✨ TL;DR
This paper develops a principled reinforcement learning framework for deciding when language models should stop generating text mid-response to avoid wasting compute on incorrect outputs. The approach uses value function estimation to determine optimal stopping points, improving accuracy-compute tradeoffs compared to existing methods.
Large language models using chain-of-thought reasoning frequently expend significant computational resources generating long responses that ultimately prove incorrect. While abstention (refusing to answer) can help by withholding low-confidence outputs, most existing methods make this decision either before generation begins or after it completes. Dynamic mid-generation abstention, which considers early termination at each token position during generation, has been explored empirically but lacks principled theoretical guidance for when to abstain. Without a formal framework, it remains unclear how to optimally balance the tradeoff between computational cost and the value of continuing generation.

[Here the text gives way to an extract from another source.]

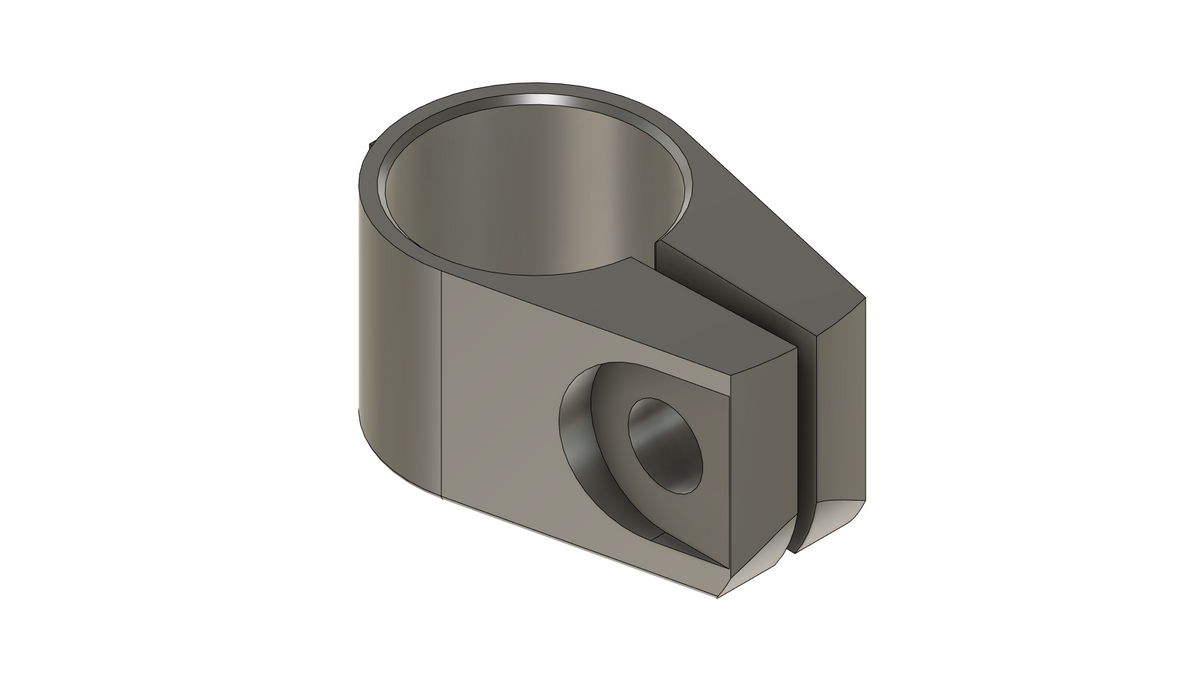 Pearl 900 Series Compatible 7/8" Bushing for Cymbal Stands, Drum Part Replacement (Compare to PL08), 3D printed drum part - photo 1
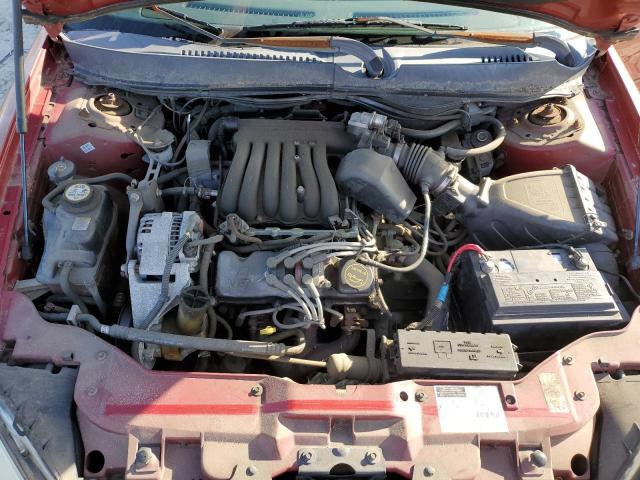 Photo 11 from auction – 2002 FORD TAURUS SES with VIN 1FAFP55U42A207590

The authors formalize dynamic abstention as an explicit action within a regularized reinforcement learning framework. They model the generation process where at each token position, the model can choose to either continue generating or abstain. An abstention reward parameter explicitly controls the tradeoff between compute cost and information gain. The key theoretical contribution is proving that abstaining when the value function (expected future reward) falls below the abstention reward strictly outperforms natural baseline strategies under general conditions. To make this practical, they derive an efficient method to approximate the value function during generation, enabling real-time abstention decisions without requiring expensive rollouts or separate value models.